The United Mine Workers of America (UMWA), the national mining union, has for years called on McConnell and other lawmakers to pass legislation that would help mitigate the fallout of the increasing number of energy company bankruptcies and the closure of hundreds of mines. In 1974, Congress passed a law that established minimum standards for pension plans in private industry. That same year UMWA negotiated its pension plan with coal mining companies. But with the demise of the coal industry, the fund is running out of money. It’s expected to be insolvent by 2022.

Behind closed doors, two sources with direct knowledge say, McConnell has privately promised miners a more permanent fix to the pension issue, but even national coal mining leaders are skeptical that the Senate majority leader and his colleagues in Congress will help in the short term.

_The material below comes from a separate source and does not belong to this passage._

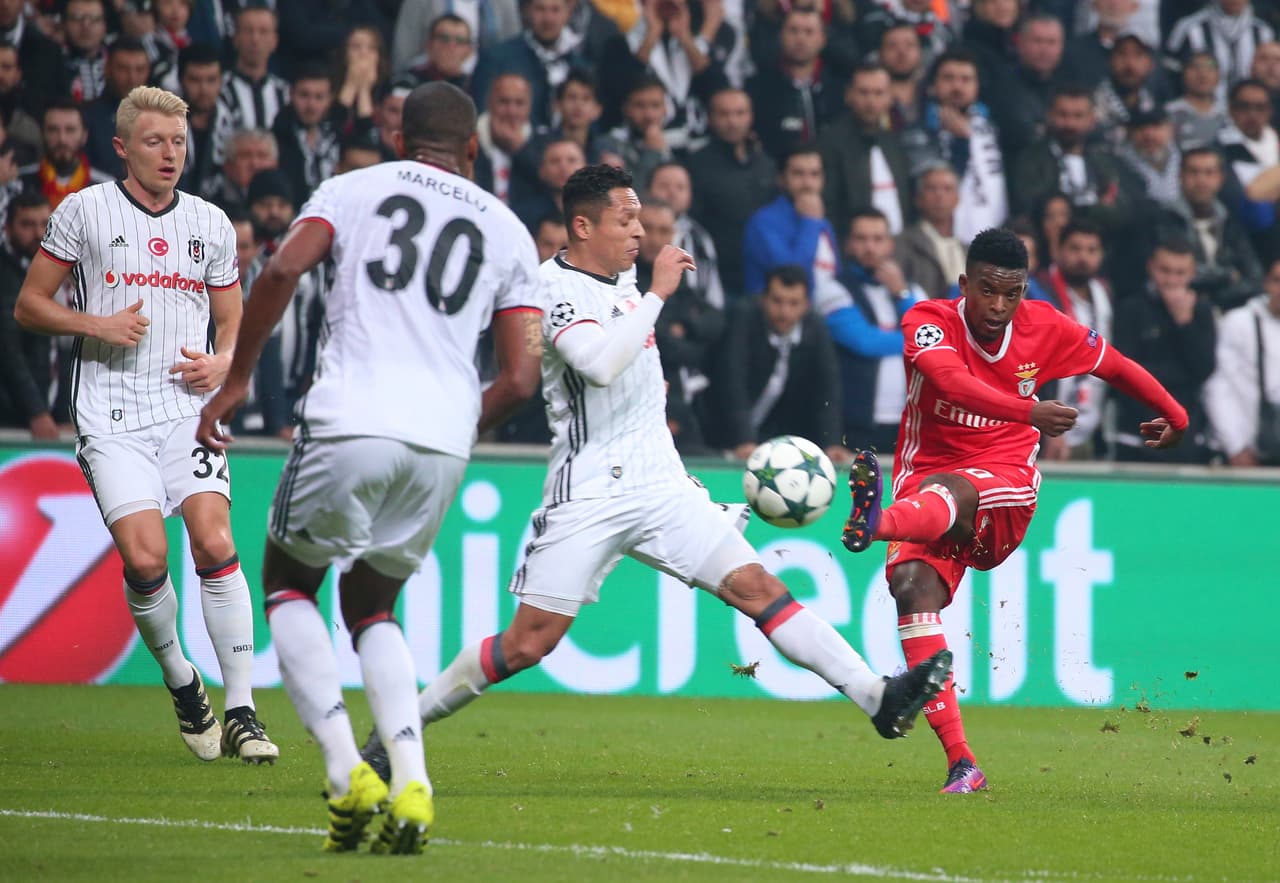 Semedo puede jugar como lateral derecho pero también se adapta para jugar por el lado izquierdo, muy funcional.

“Coal miners understand something—when people tell us ‘we’re going to pass legislation’… we don’t believe it,” said Cecil Roberts, president of the UWMA, at a recent speech in Washington. “Anyone who understands how Congress works knows that that’s a fight.”

Several miners who spoke to The Daily Beast said they felt McConnell had blocked the funding for pensions because some of the union members had decided to support his 2014 election opponent, Alison Lundergan Grimes. Others, though, were wary of going too far in their condemnation of the majority leader, saying that at the end of the day, McConnell was their best shot at ensuring they could continue providing for their families. (In 2017 McConnell helped push forward a bipartisan spending bill that included a permanent extension of health care benefits to thousands of coal miners.) On Friday two miners featured in an attack add by McGrath said they were not told their images would be used for a political campaign and demanded that McGrath stop airing them.

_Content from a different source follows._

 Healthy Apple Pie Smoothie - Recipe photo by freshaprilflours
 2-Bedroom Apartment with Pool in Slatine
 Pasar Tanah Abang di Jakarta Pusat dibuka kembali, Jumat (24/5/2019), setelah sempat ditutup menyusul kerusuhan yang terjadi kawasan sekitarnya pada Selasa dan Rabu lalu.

“We thank Mr. McConnell for what he did to help on our health care, but now he needs to finish the job and do something about our pensions,” said Bob Cox, a 73-year-old former miner who serves as the president of a local UMWA chapter. “It’s a day to day concern for a lot of the older people I live with. They’re not well and they don’t need the extra worry that it brings on. If anything goes wrong, we won’t last as long as we thought we would.”